In the story this climbing accident is a powerful example.
It is preventable in the case of not knowing the future (yet it this case we have no idea that it will happen). If we are in the state of knowing the future, it is a part of the reality fabric, it IS, just separated by an interval of time.
The presence of time vs free will is present in a few other stories by Ted Chiang. However, I read it somewhat differently. (Even though myself I am agnostic when it comes to free will.)
It is not that free will does not exist. It is that free will is a perspective (i.e. not something true or false), one mutually exclusive with knowledge of the future. It is like the rotation of an object, which one we can see only one of its facets. In "The story..." Louise learning the different perspective is gradual.

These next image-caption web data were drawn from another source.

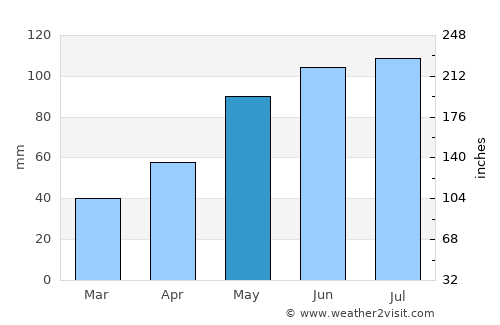 Żory average rain in May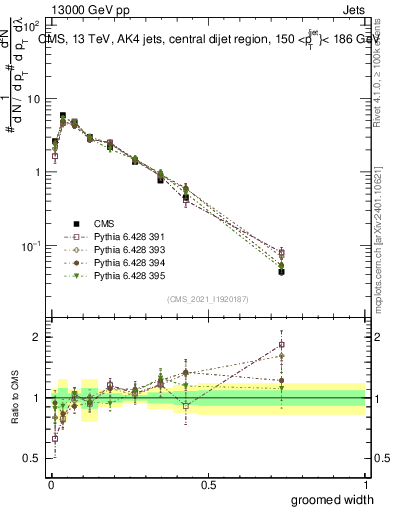 Plot of j.width.g in 13000 GeV pp collisions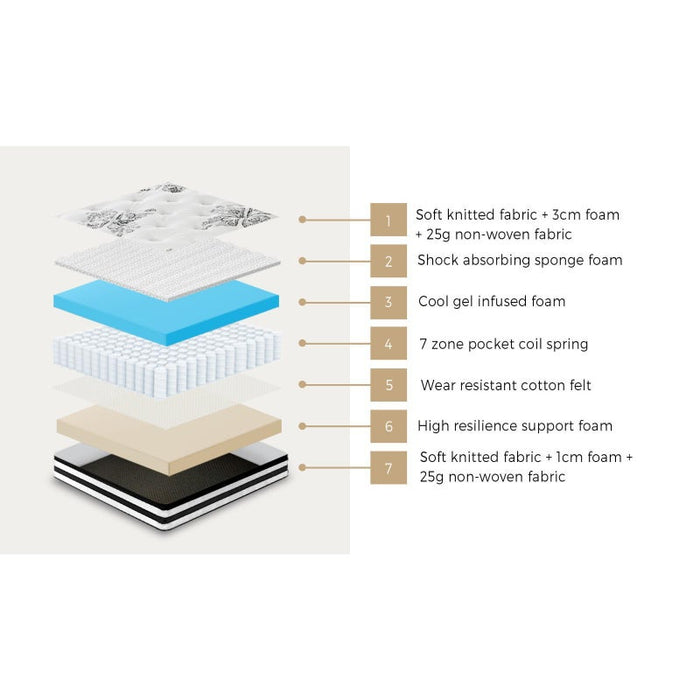 7 Zone Super Cool Gel Memory Foam Premium Mattress | 6 Turn Shock Absorbing Coil Support Medium firm Hypo Allergenic Matrress | 5 Sizes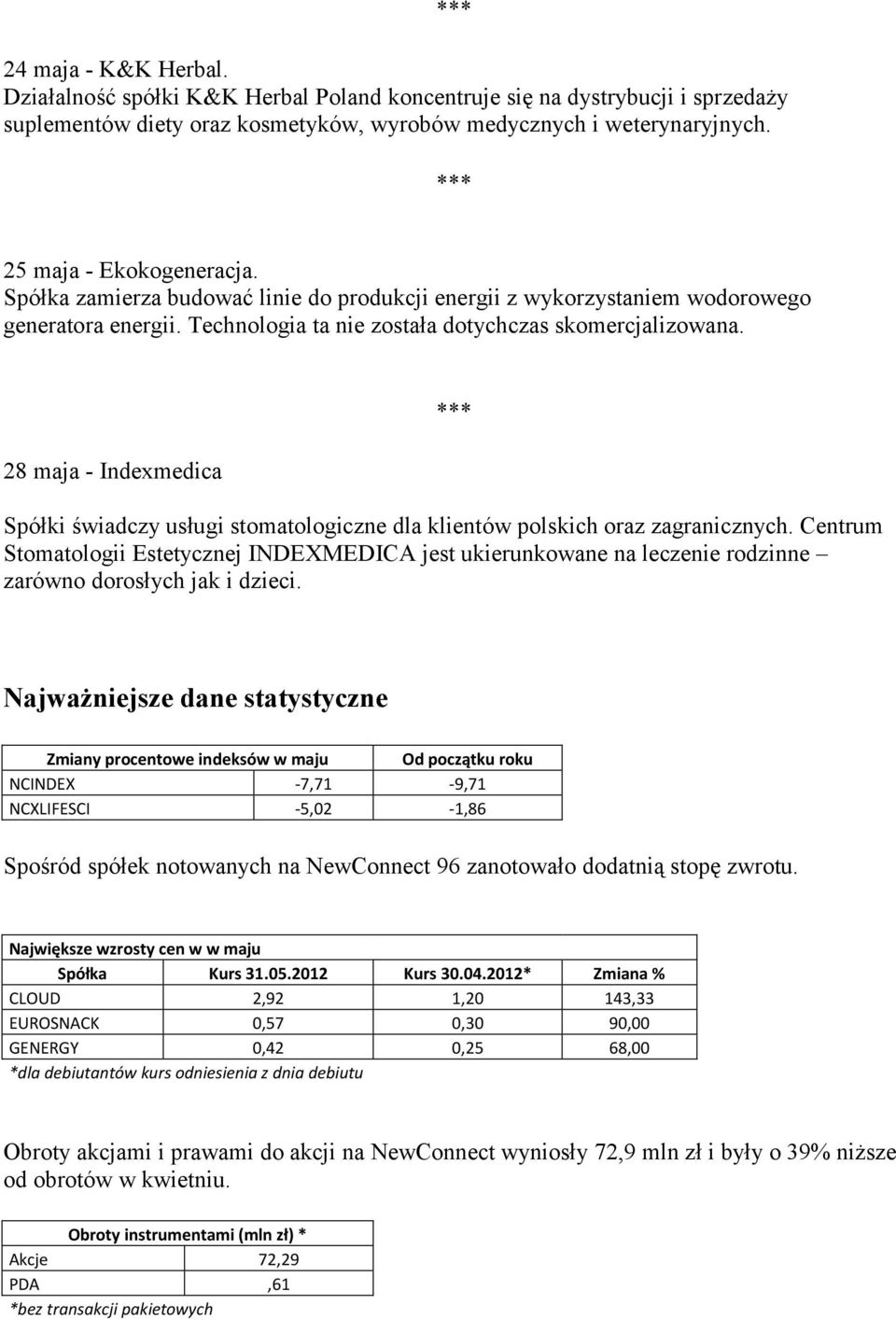 28 maja - Indexmedica Spółki świadczy usługi stomatologiczne dla klientów polskich oraz zagranicznych.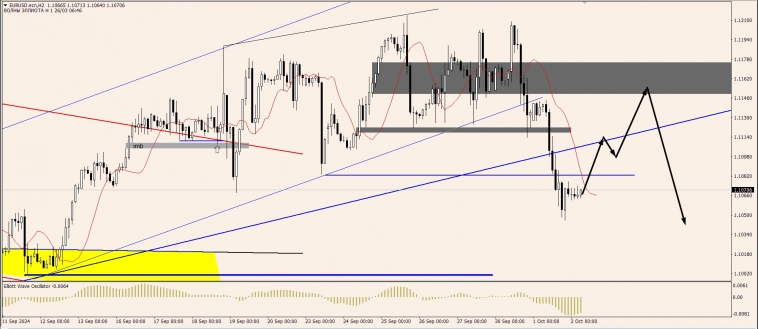 OnFin. Торговые идеи на сегодня!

To some extent, it matches some other tropes like Lovecraftian that learning about the Great Old Ones brings insanity. Or maybe it's not that it fries one's mind, but rather - give a perspective incompatible with everyday human thinking.
Strangely enough the Charlie Sheen "The Arrival" is also a really good physics movie. I've yet to see a movie do the SETI/Astronomy/physics stuff better :-).
I love him building a radio telescope control in his attic, using local people's roof satellite dishes as the array !
The scene with the mountains and the cloud was really cool. After that, there was some build up but kind of just went nowhere. "Here's some circles, now you can hallucinate the future" was overall a pretty underwhelming drift into fantasy.
Still, physicist or not, if you are interested what is time, I couldn't recommend a better writer than Ted Chiang.